[Records supplied]
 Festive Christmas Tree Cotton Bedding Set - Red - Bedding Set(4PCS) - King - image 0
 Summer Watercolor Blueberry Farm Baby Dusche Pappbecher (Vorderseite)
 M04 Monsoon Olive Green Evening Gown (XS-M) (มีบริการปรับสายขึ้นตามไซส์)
[/Records supplied]
[Records supplied]
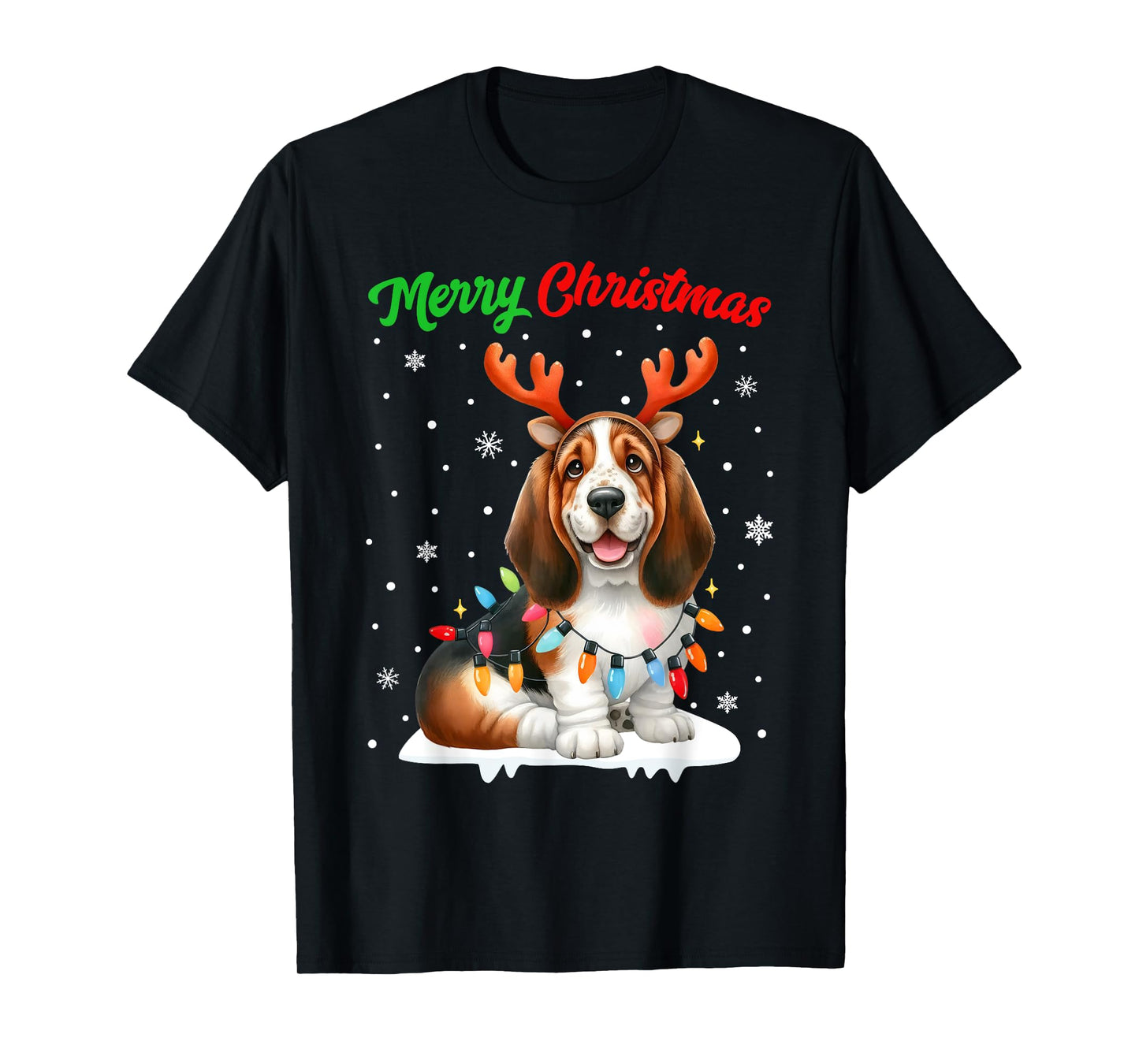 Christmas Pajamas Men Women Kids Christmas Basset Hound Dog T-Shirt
[/Records supplied]
> **Task to carry out**: Reproducing the whole listing above is not the task. Copy exactly only the lines from the one with "Festive Christmas Tree" to the one with "M04 Monsoon Olive", both kept.

> **Output of the task**:
 Festive Christmas Tree Cotton Bedding Set - Red - Bedding Set(4PCS) - King - image 0
 Summer Watercolor Blueberry Farm Baby Dusche Pappbecher (Vorderseite)
 M04 Monsoon Olive Green Evening Gown (XS-M) (มีบริการปรับสายขึ้นตามไซส์)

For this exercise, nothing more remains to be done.